Idris / Hermes is called “Thrice Wise,” because he was threefold. The first of the name, comparable to Thoth, was a “civilizing hero,” an initiator into the mysteries of the divine science and wisdom that animate the world: he carved the principles of this sacred science in hieroglyphs. (Even the Arabic term for “pyramid,” haram, is connected with the name of Hermes, Hirmis.)
The second Hermes, who lived in Babylon after the Deluge, was the initiator of Pythagoras. The third one was the first teacher of alchemy. Thus the figure of Hermes links Muslim consciousness with the pagan past; but it is no more graspable than that of our Western Trismegistus. “A faceless prophet,” writes the Islamicist Pierre Lory, from whom I have borrowed the elements of this synthesis, Hermes possesses no concrete or salient characteristics, differing in this regard from most of the major figures of the Bible and the Quran.
It is no different in the Corpus Hermeticum, which presents Hermes sometimes as a god, sometimes as a sage, and at other times as a disciple of the Nous or Divine Intellect. According to the Arab tradition, his life is simultaneously physical and transtemporal, after the example of Elijah’s, and even in his body he manifests a state of eternity.
Pierre Lory recalls that Idris/Hermes is said to have Written poems, particularly odes, in Arabic, Hebrew, and Syriac; thus he rises “above sectarian divisions, transcends religious mysteries and chronological time,” and speaks “the languages of heaven, of earth, and of man in the integral state, namely Arabic.”
The Emerald Tablet is known to have been transmitted in that language. Lastly, this personage belongs to a delightful tradition, a magnificent example of the myth of the “redeemed Redeemer”: A certain angel, having incurred the divine wrath, had had one of his wings cut off and found himself exiled on a desert island.
He went to beg Hermes / Idris to intercede with God on his behalf. After Hermes / Idris had succeeded in this mission, the angel gave him the power to enter Heaven while still living in the Seventh Sphere.
It is scarcely surprising that Hermes, whether or not qualified as Trismegistus, was considered as the founder of alchemy as early as Alexandrian times. Greek, which is to say Alexandrian, alchemy certainly disappeared towards the sixth century, but from the seventh and eighth centuries onwards the Arabs took up the thread.
Greek Hermetic texts
It was their translations of these Greek Hermetic texts that were the main inspiration of the Latin-speaking authors of the twelfth century and after, the period of alchemy’s blossoming in Europe.

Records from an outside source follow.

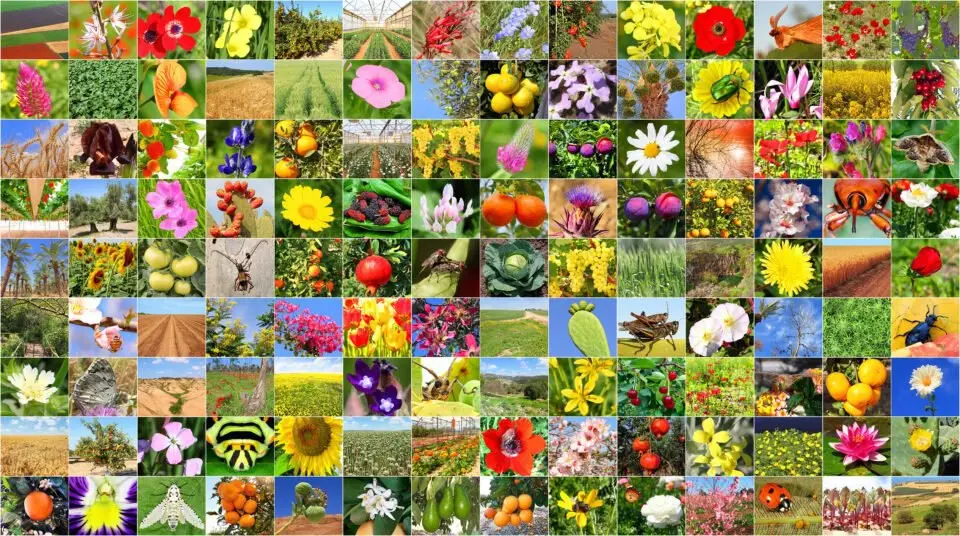 🌍 Запущен самый большой биологический ИИ
Исследователи представили BioCLIP 2 — основную модель ИИ, способную опознавать более миллиона биологических видов | Сетка — социальная сеть от hh.ru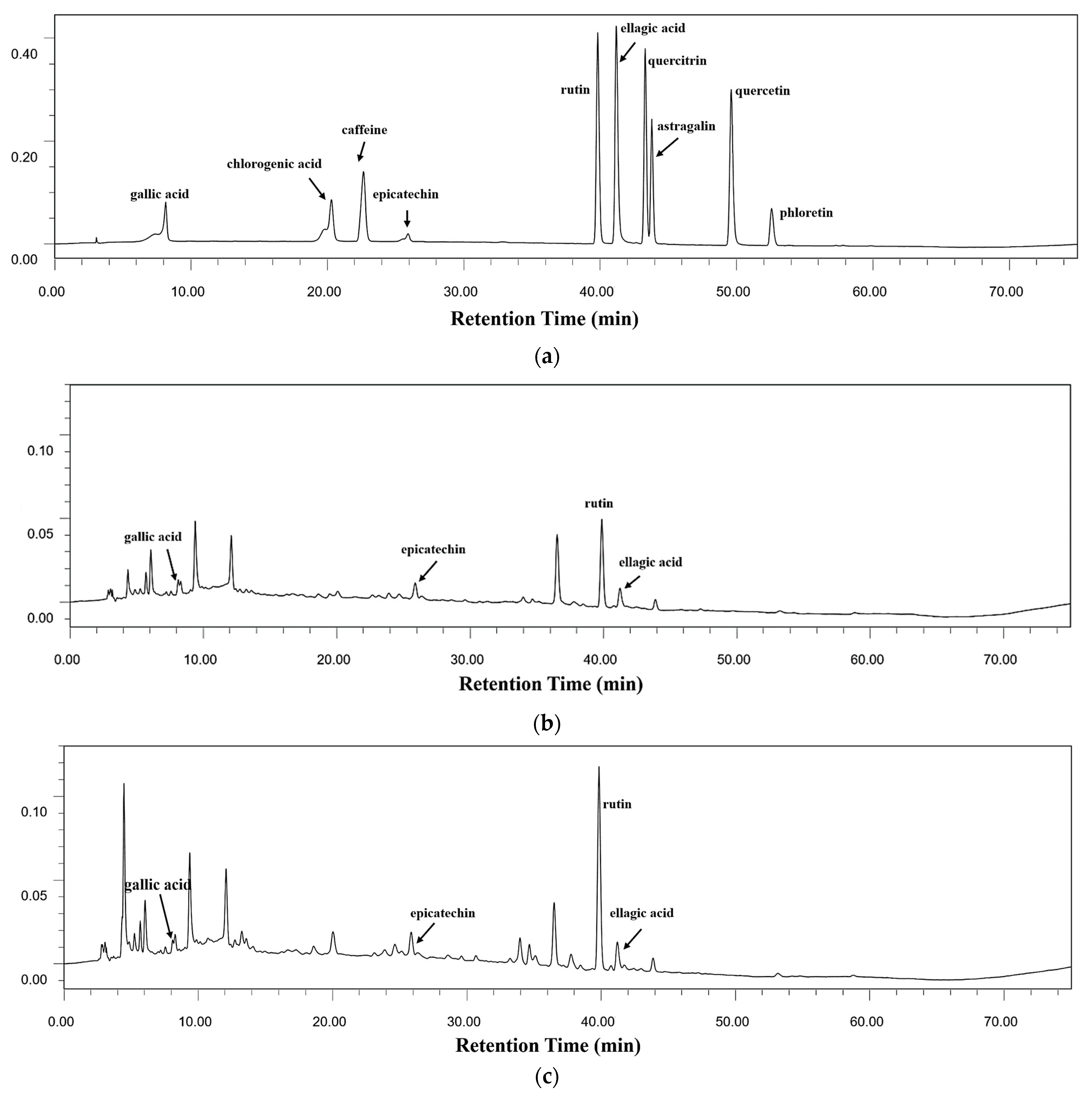 Foods 12 03010 g005a
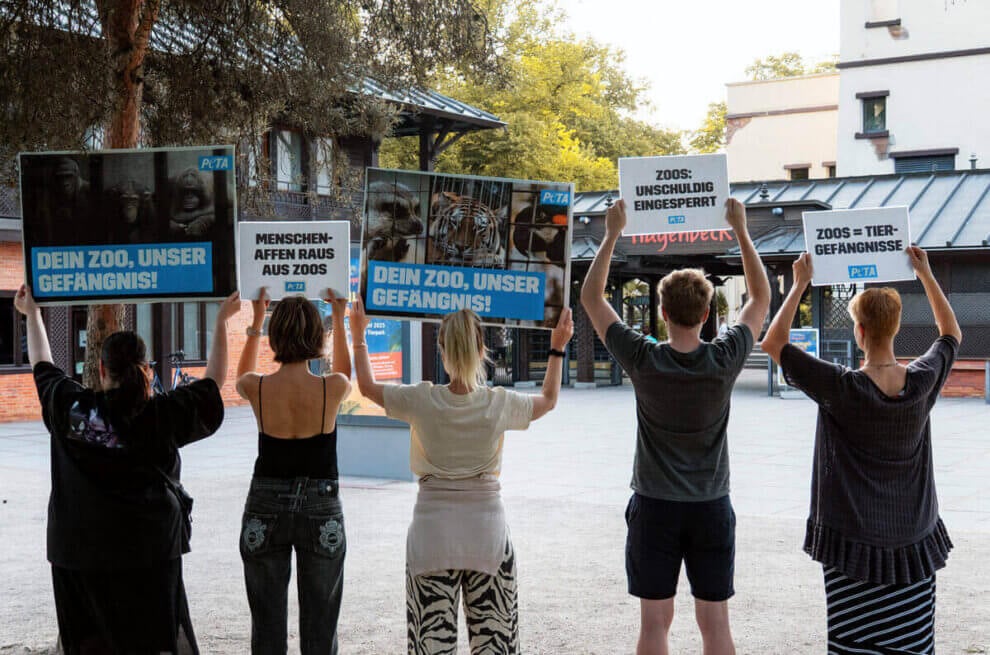 PETA Aktion Zoo Hagenbeck. Personen mit Demo-Schildern.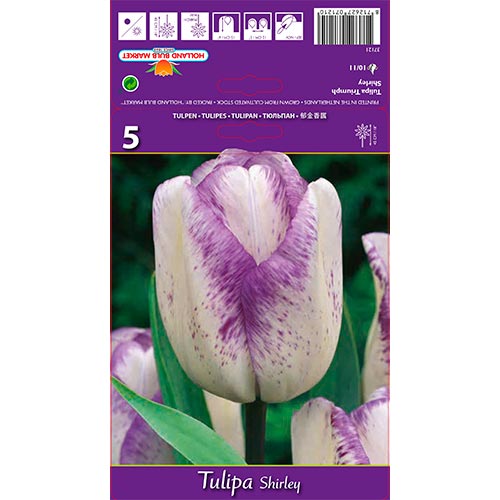 Tulip Shirley interface.art foto 1 Tulip Shirley interface.image 1 interface.art 68114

Very many writers on the Great Work, whether Arabic or Latin, even up to the twentieth century, use the name of Hermes or Mercury not only as that of a personage, but, especially in the case of Mercury, to designate a substance or property of things, in expressions like “Mercurial spirit.” Mercurius is both the “first matter” and the “last matter,” and even the alchemical process itself.
As an entity, he is “mediator” and “savior”—C. G. Jung would call him the Mercury of the Unconscious. As the substance of the Arcanum, he is mercury, water, fire, the celestial light of revelation; he is soul, life-principle, air, hermaphrodite, both puer and senex. He is the tertium datum.
The Mercury of alchemical literature belongs to an uninterrupted tradition of attributing metaphysical significances to the gods and goddesses of Parnassus.
Thus at the end of the pagan era in the first century CE, the Greek Cornutus, in his Commentary on the Nature of the Gods, explains the phallic attributes of Mercurius Quadratus as signifying the plenitude and fertility of reason. The Neoplatonists went further, applying this method to all religious traditions, even foreign ones, and considering the whole universe as a great myth from which our intelligence is responsible for extracting the spiritual meaning.
Such was the method, for example, of the Emperor Julian’s friend Sallustius, in his book On the Gods and the World.